In our measurement work over the last 15 years, we have also found that DECT cordless phone and DECT baby monitors usually expose young children at home to higher levels of amplitude modulated RF than what enters the house from local base stations. Also, many mothers carry young children whilst using a mobile phone.

The study authors applied quite sophisticated corrections to their results - parental education, the deprivation index for the area, population density and population mixing - to do that and yet to completely ignore the other RF exposures means that this new work cannot, in our opinion, be classified as "science". That is not science, it is PR.

Should we be concerned about RF exposure and childhood leukaemia?
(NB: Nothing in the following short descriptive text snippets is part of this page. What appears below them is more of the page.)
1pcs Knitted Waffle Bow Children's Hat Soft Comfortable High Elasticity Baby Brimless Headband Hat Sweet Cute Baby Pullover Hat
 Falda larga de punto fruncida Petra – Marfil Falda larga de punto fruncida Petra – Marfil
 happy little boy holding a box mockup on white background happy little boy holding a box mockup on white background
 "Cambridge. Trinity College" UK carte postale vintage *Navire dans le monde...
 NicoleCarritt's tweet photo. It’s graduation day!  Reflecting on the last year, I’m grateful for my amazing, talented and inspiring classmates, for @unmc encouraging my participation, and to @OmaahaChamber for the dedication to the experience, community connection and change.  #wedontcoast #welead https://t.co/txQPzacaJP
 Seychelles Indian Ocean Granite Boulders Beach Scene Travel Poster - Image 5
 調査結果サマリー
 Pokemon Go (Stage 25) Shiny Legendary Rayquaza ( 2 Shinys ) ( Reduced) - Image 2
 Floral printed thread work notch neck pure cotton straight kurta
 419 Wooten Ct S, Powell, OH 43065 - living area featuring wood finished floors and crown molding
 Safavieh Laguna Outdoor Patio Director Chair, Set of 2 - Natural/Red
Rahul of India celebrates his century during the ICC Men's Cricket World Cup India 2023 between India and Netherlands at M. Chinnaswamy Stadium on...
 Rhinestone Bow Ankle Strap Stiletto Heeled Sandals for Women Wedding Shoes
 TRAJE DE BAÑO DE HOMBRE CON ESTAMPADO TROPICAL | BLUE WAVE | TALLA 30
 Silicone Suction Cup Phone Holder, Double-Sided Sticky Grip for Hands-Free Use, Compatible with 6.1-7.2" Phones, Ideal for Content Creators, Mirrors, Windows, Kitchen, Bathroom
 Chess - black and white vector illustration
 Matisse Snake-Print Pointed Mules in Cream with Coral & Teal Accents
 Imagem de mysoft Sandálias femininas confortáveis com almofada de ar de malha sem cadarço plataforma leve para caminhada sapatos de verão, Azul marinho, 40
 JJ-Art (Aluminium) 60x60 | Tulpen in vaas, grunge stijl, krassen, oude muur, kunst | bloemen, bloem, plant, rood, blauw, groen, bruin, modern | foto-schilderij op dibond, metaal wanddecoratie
Given the recent time trends in incidence rates, it seems unlikely that chronic low-level RF exposure will increase the incidence of childhood leukaemia and other cancers. It seems an extraordinary choice to fund a study that just considered child cancers and calculated RF/microwave exposure only from cellular network base stations - it could tell you nothing at all about any possible association between RF and childhood cancer.

There are many adverse effects on well-being that have been repeatedly reported in populations living around mobile phone base stations (especially sleep disturbance, fatigue, depression, irritability, headaches, frequent infections, general body discomfort especially at night, allergies, etc - reported in detail elsewhere in these Powerwatch pages - see the our science section for a list of References). These are the things that should be being studied - but the MTHR has not funded any such studies.

Nor has the MTHR funded, despite requests, a study on the some 2000 low-height high-power base stations that the NRPB identified in the earlier MTHR funded study of base stations with antennas under 10 metres high. These are almost certainly the base stations that expose people most highly. At the time the NRPB report (W62) commented: "It was noted that some 2000 of the 32,837 base stations, or around 6%, were radiating more than 5 watts at heights up to 10m. In conjunction with the MTHR project monitors, it was considered whether these transmitters should be included. It was decided that they should not be and that this project should concentrate on the low power sites in order to stay true to its original aim of considering microcells as low-height / low-power transmitters." The base stations that were ignored had transmitter powers up to 100 watts and the antennas are often mounted on the walls of residential buildings. The original study cost the MTHR £66,000. To extend it, as requested, to include another 2000 base stations would cost less that half this. The MTHR chose not to pay for this important further work. Instead it paid £247,000 for this Elliott study which has told us nothing useful. We question the basis of the MTHR's priorities.

There are studies showing elevated incidence of adult leukaemias in proximity to powerful TV and radio masts and to elevated occupation exposures. Also some on reduced academic and behavioural performance of children chronically exposed to RF. These certainly do not prove there is a problem, but they do suggest that a precautionary approach that reduces unnecessary exposure is sensible.

This study provides no justification for any assertion of safety to people living near mobile phone base station antennas.